--- Data provided ---
━━━━━━

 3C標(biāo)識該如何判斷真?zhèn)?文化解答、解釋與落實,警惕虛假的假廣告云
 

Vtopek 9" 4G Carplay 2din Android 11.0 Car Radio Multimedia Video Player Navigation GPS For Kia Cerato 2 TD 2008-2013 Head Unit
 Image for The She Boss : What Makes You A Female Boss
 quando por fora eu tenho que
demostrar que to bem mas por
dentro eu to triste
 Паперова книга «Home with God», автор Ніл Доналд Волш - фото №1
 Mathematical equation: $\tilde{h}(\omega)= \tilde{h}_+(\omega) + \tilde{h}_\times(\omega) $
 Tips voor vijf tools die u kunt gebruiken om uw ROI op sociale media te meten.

━━━━━━

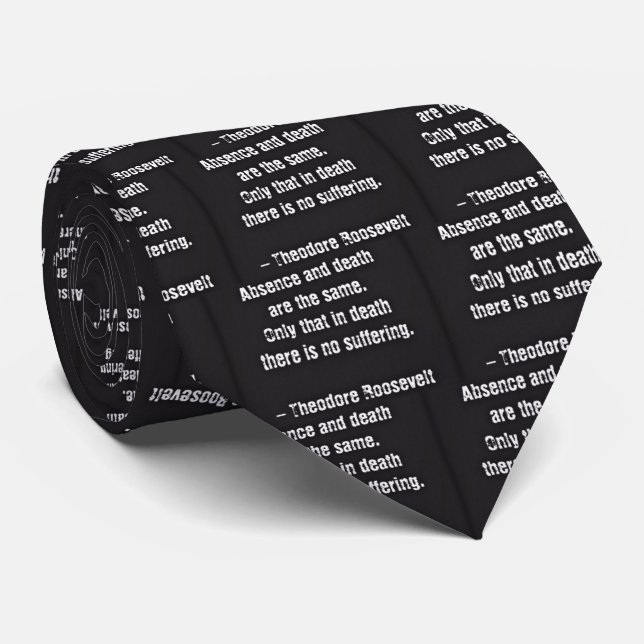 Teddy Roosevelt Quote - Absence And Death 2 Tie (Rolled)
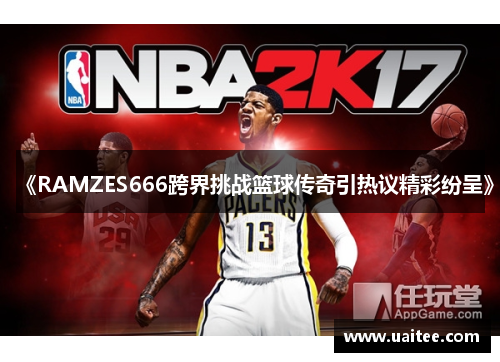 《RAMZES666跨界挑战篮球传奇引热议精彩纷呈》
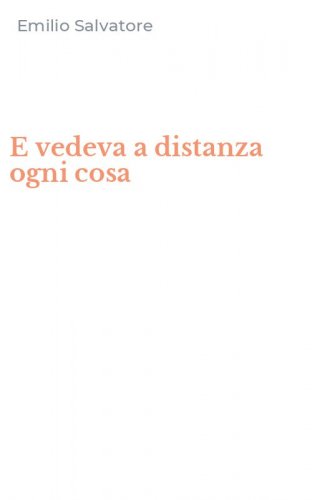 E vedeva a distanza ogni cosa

━━━━━━

--- Prompt ---
Using the entries shown above, reproduce verbatim the lines from the line bearing "2008-2013 Head Unit" to the line bearing "Tips voor vijf", inclusive.

--- Solution to this exercise ---
Vtopek 9" 4G Carplay 2din Android 11.0 Car Radio Multimedia Video Player Navigation GPS For Kia Cerato 2 TD 2008-2013 Head Unit
 Image for The She Boss : What Makes You A Female Boss
 quando por fora eu tenho que
demostrar que to bem mas por
dentro eu to triste
 Паперова книга «Home with God», автор Ніл Доналд Волш - фото №1
 Mathematical equation: $\tilde{h}(\omega)= \tilde{h}_+(\omega) + \tilde{h}_\times(\omega) $
 Tips voor vijf tools die u kunt gebruiken om uw ROI op sociale media te meten.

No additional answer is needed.